Cass - Jan 31, 2010 8:01:56 pm PST #4966 of 30002
Bob's learned to live with tragedy, but he knows that this tragedy is one that won't ever leave him or get better.

The first conversation with the parents, I could hand wave.

one at breakfast where he was still acting weird and not taking them seriously or treating them respectfully.

This? Dude, Sam, you realize you are in the wrong body. Man up and fake it through breakfast. I can see him being pissed that he can't get a hold of Dean and at Gary for the whole body swap, but how does acting like this help him fix things? I kinda expect more from Sam.


§ ita § - Jan 31, 2010 8:08:53 pm PST #4967 of 30002
Well not canonically, no, but this is transformative fiction.

He definitely knows better than that. He could have played the part and gotten the information he wanted less confrontationally. He's faked it before. Give the dad a little rope, take a little info.

Or just go straight to the sister and ask her those questions and skip out on breakfast entirely and move on with your big plan. Assuming you knew Gary had a sister before breakfast.

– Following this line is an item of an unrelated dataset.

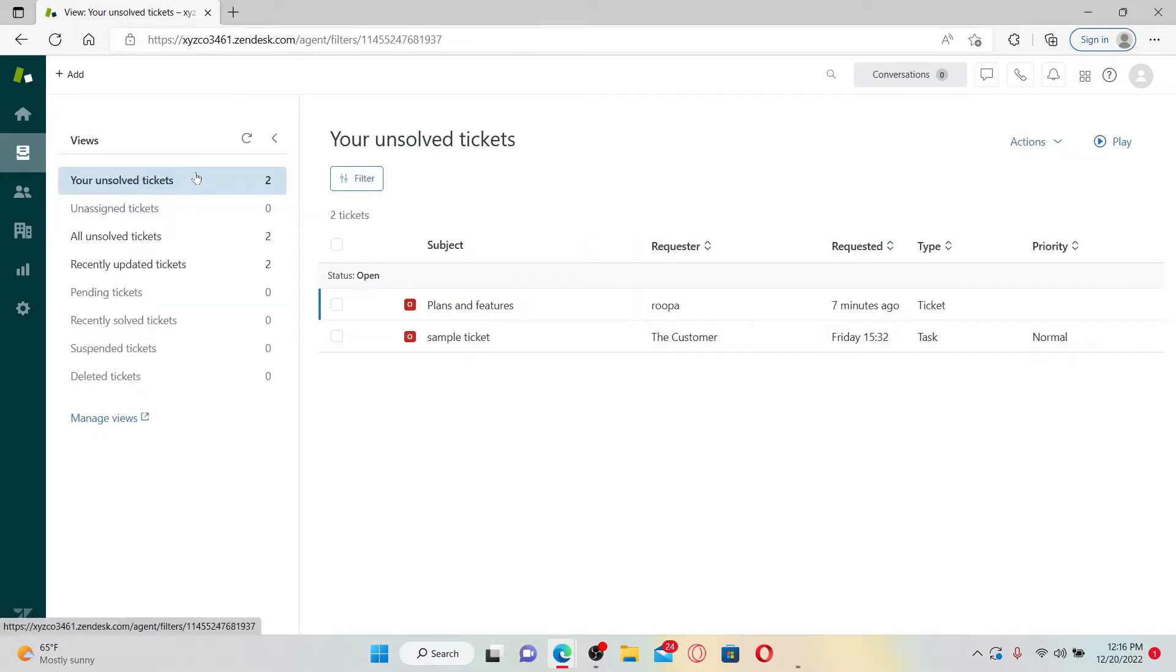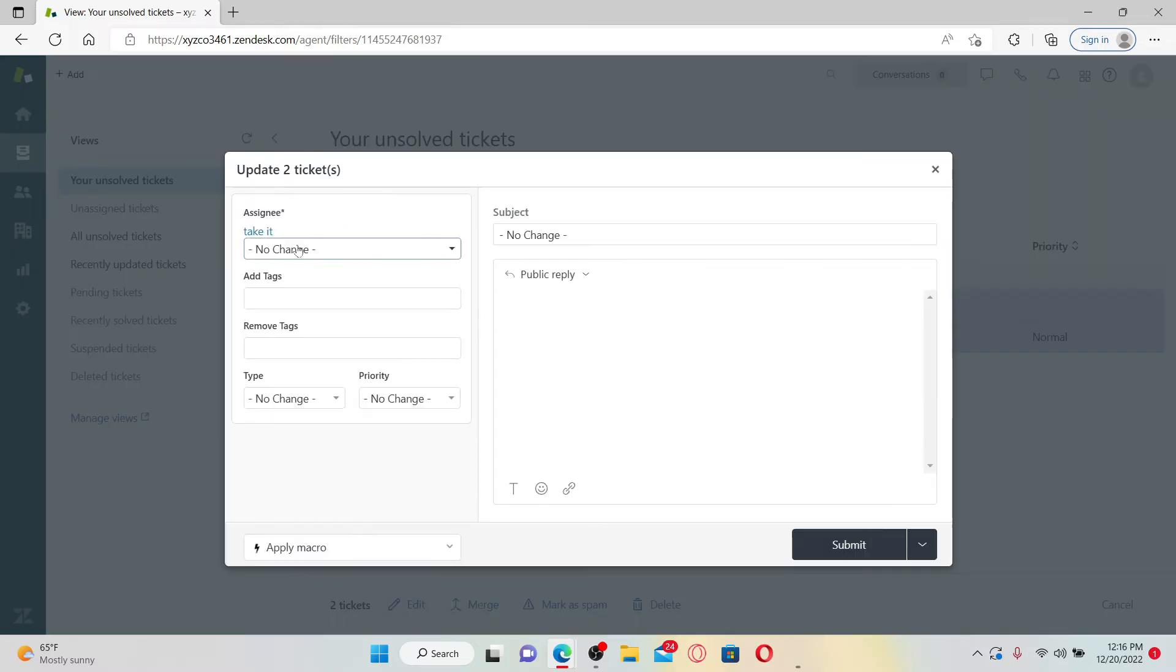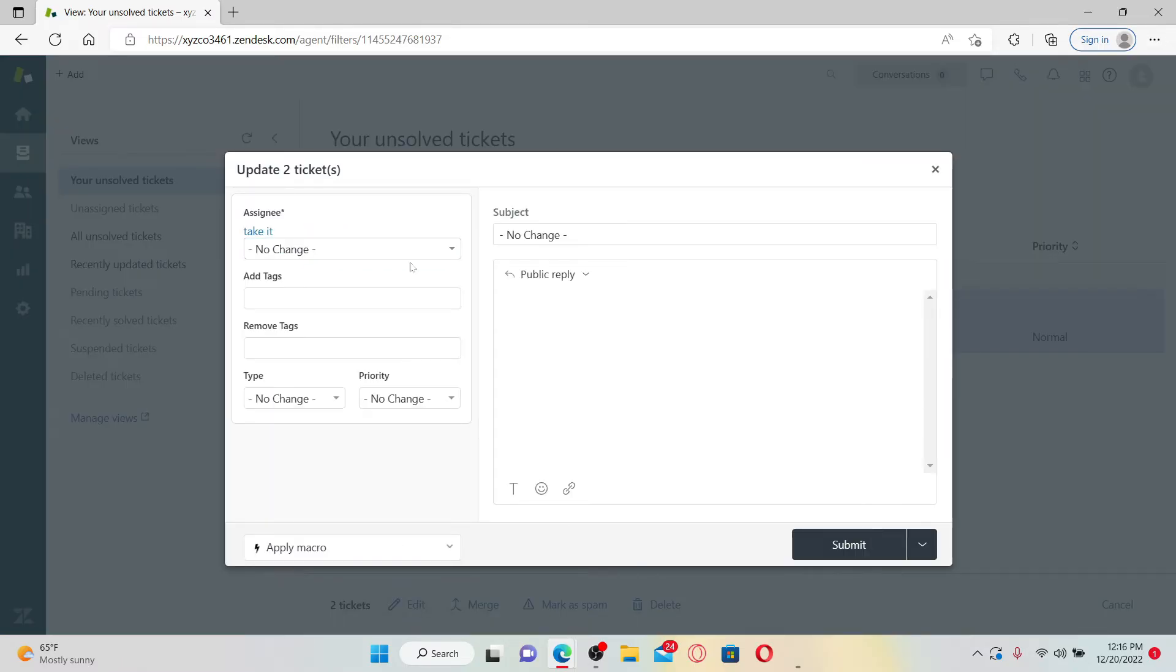Go ahead and select a ticket you'd like to assign to in a bulk and select both of the tickets or as many tickets that is available. Once you are done, click on edit at the bottom.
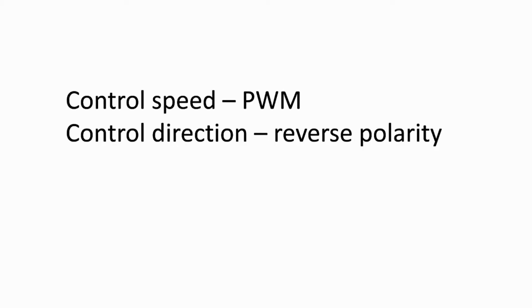Generally, we control two things of a DC motor. Speed using PWM. We have an entire video of that, so go check that out. Link is in the description. And Direction using H-Bridge driving reverse polarity.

Ailleann - Feb 01, 2010 3:54:00 am PST #4968 of 30002
vanguard of the socialist Hollywood liberal homosexualist agenda

I think that's a show of change in Sam, though. He doesn't really care much anymore about BSing, or covers. He wanted info, and he was going to get it, and he didn't really care much if the parents thought their kid had gone crazy.

Sam doesn't care much about nicey-nice anymore.


Amy - Feb 01, 2010 3:59:29 am PST #4969 of 30002
Because books.

I agree. Sam has come a long way from the polite, sensitive soul he was in S1. I thought he did at least have the grace to look a little ashamed of himself after he blurted out that he didn't give a shit about the plan, either.


Morgana - Feb 01, 2010 1:22:46 pm PST #4970 of 30002
"I make mistakes, but I am on the side of Good," the Golux said, "by accident and happenchance.” – The 13 Clocks, James Thurber

That change started during the year he was trying to figure out a way to break Dean's crossroads deal. He became more coldly pragmatic the more frantic he felt. He was focused on his goal and had less patience for the fuzzy issues around the edges... Dean's the one who soothes victims' families now during interviews, for example. That used to be Sam's role.